About this exercise
Leaving out every picture, copy the lines of the material below exactly, from the line containing "發(fā)射本振泄漏!如何破?" through the line containing "Вправа 13.24 алгебра".

Records shown
##############################

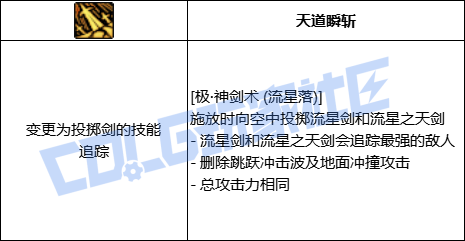 DNF剑魂全技能进化形态一览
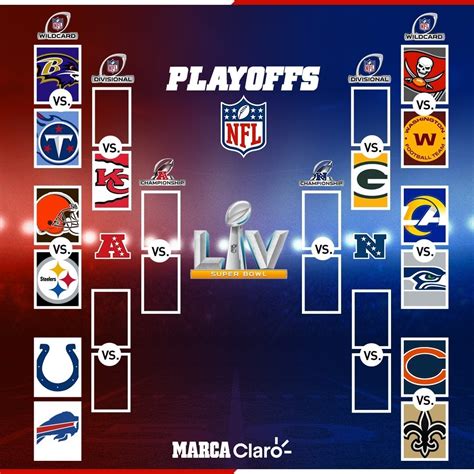 nfl playoff standing bracket|NFL playoffs printable bracket.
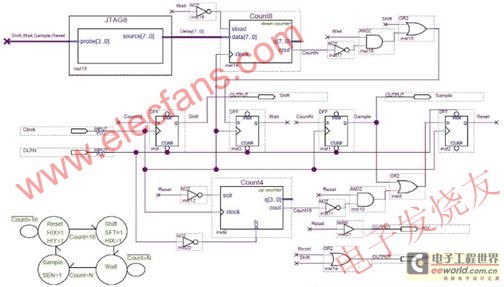 时序控制模块 www.elecfans.com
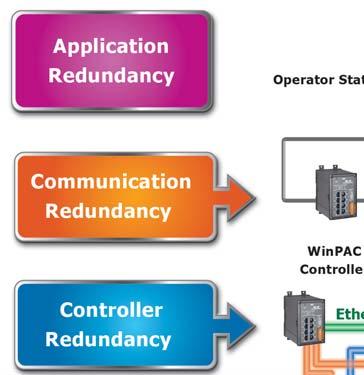 .. Overview Redundancy is a common approach to improve the reliability and availability of a system, with cost increasing and higher complexity
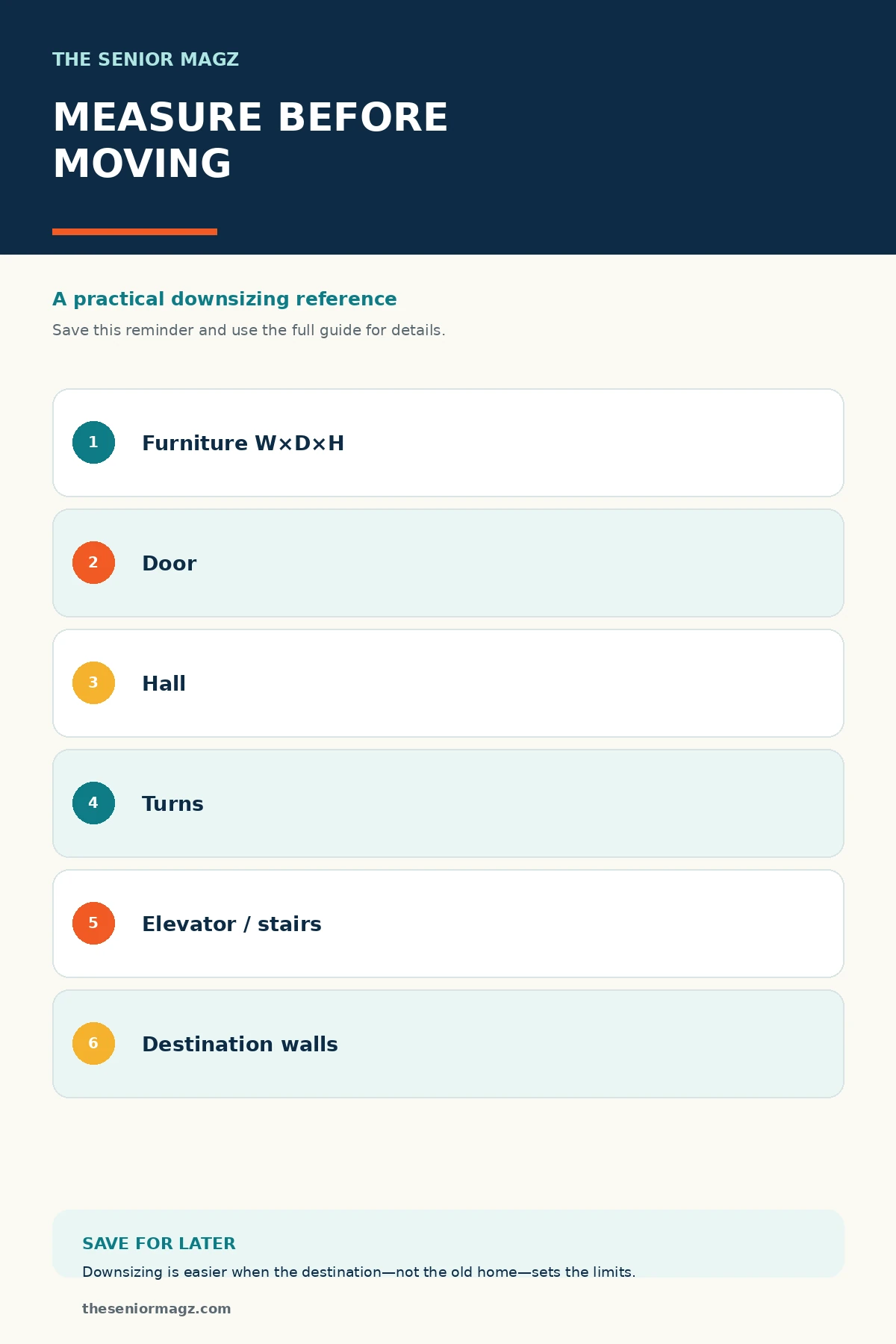 Standalone infographic summarizing How to Measure Furniture Before Moving.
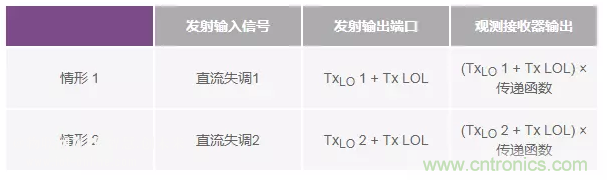 發(fā)射本振泄漏!如何破?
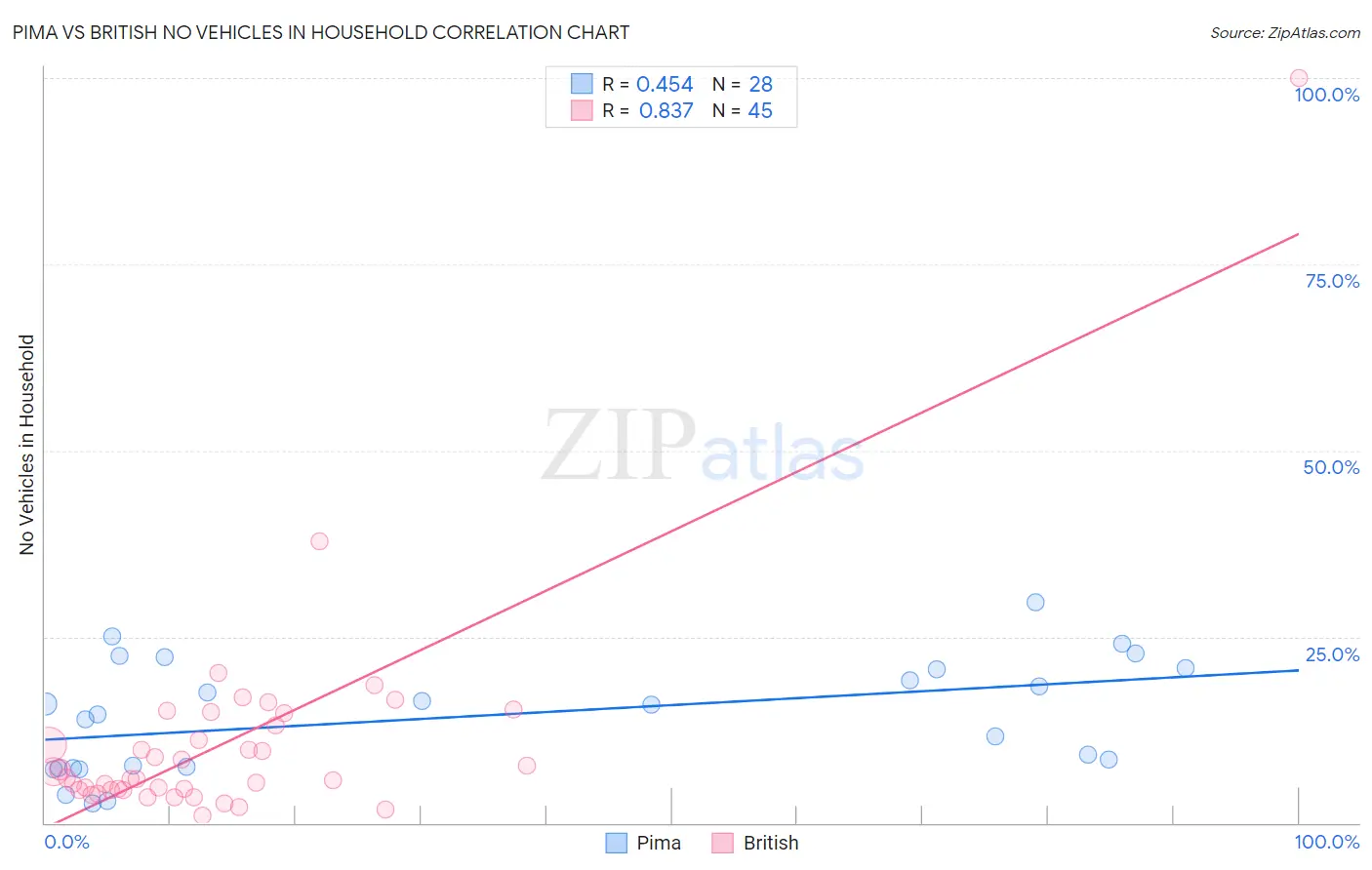 Pima vs British No Vehicles in Household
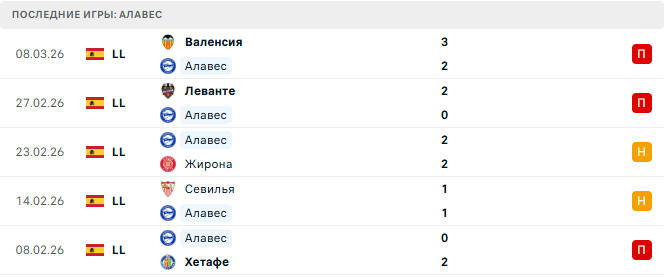 Алавес - Вильярреал 13 Марта 2026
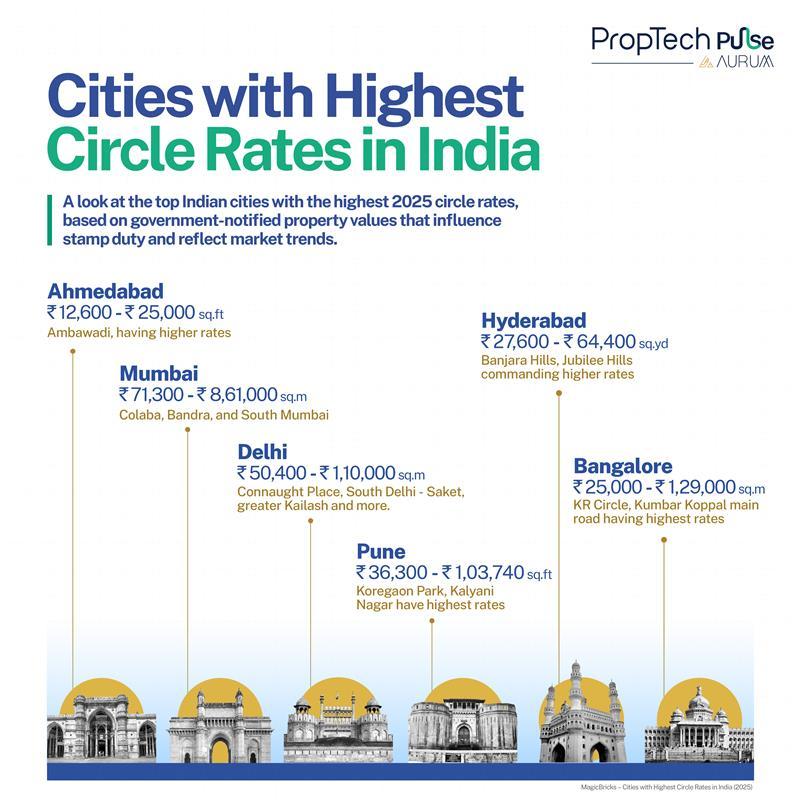 Circle Rates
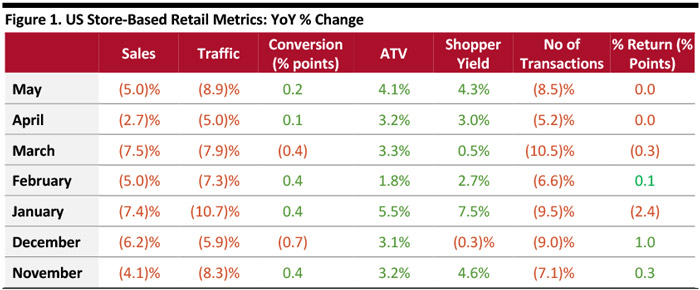 US Store-Based Retail Metrics May 2019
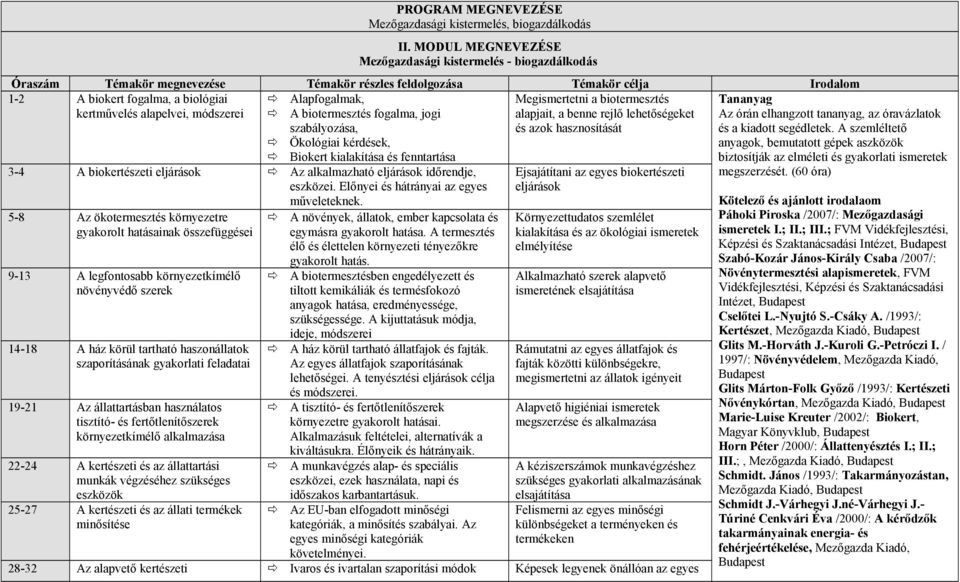 biotermesztés kertművelés alapelvei, módszerei A biotermesztés fogalma, jogi szabályozása, alapjait, a benne rejlő lehetőségeket és azok hasznosítását Ökológiai kérdések, Biokert kialakítása és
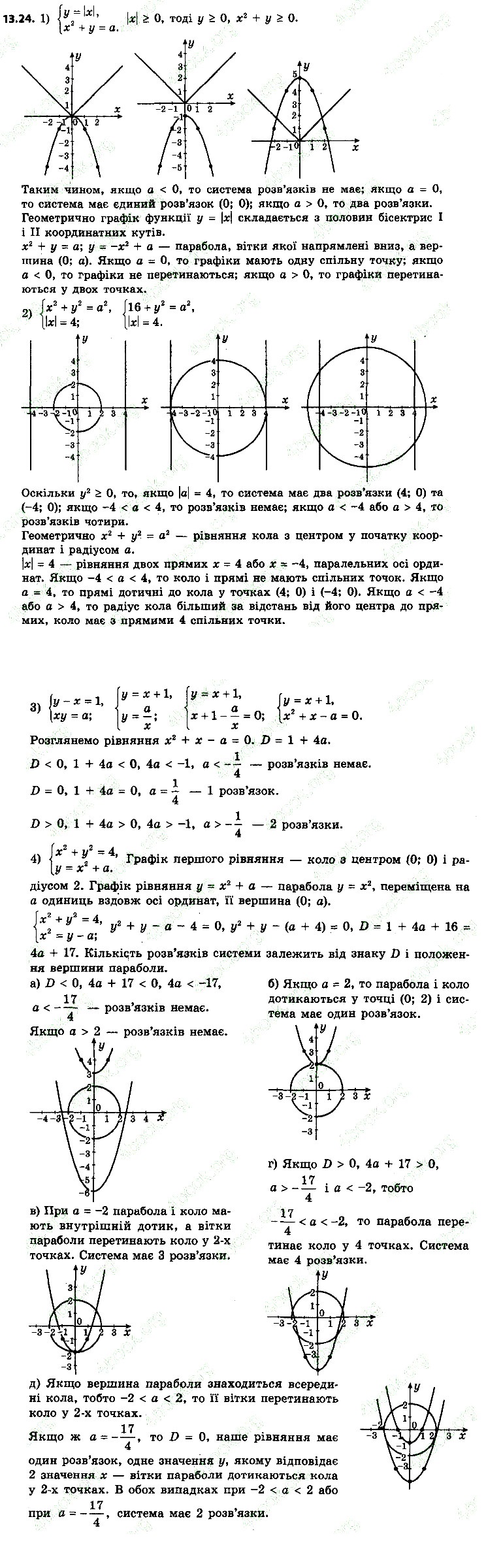 Вправа 13.24 алгебра 9 клас Мерзляк Полонський Якір 2017 - Екстра ГДЗ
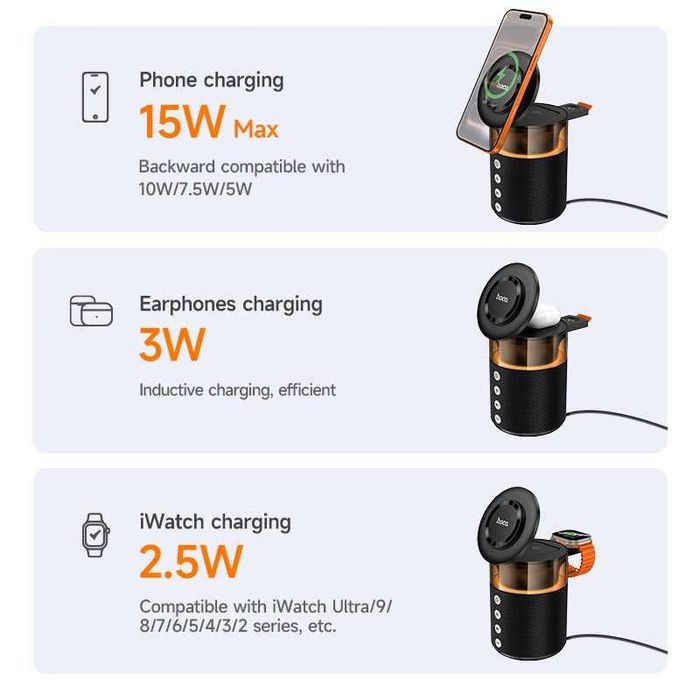 Беспроводная зарядка 3 в 1 + Bluetooth колонка HOCO DWQ05 Ночник BT5.4, TWS, 15 W
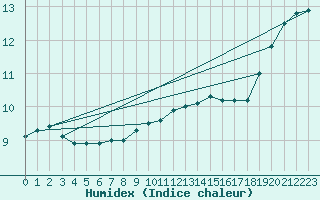 Courbe de l'humidex pour Landivisiau (29)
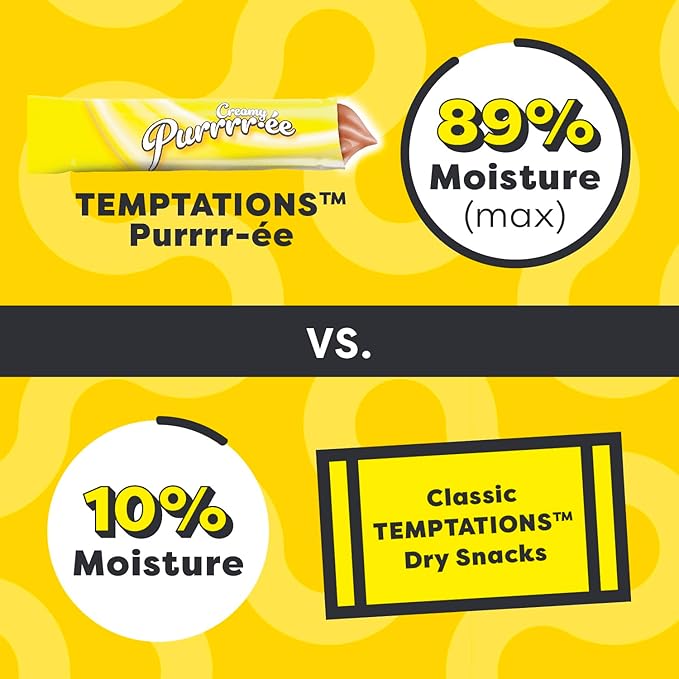 Temptations Creamy Puree Squeezable Lickable Cat Treats, Wet Cat Treats with Chicken, 0.42 oz. Tubes, 4 Count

##############################

Response below
 發(fā)射本振泄漏!如何破?
 Pima vs British No Vehicles in Household
 Алавес - Вильярреал 13 Марта 2026
 Circle Rates
 US Store-Based Retail Metrics May 2019
 biotermesztés kertművelés alapelvei, módszerei A biotermesztés fogalma, jogi szabályozása, alapjait, a benne rejlő lehetőségeket és azok hasznosítását Ökológiai kérdések, Biokert kialakítása és
 Вправа 13.24 алгебра 9 клас Мерзляк Полонський Якір 2017 - Екстра ГДЗ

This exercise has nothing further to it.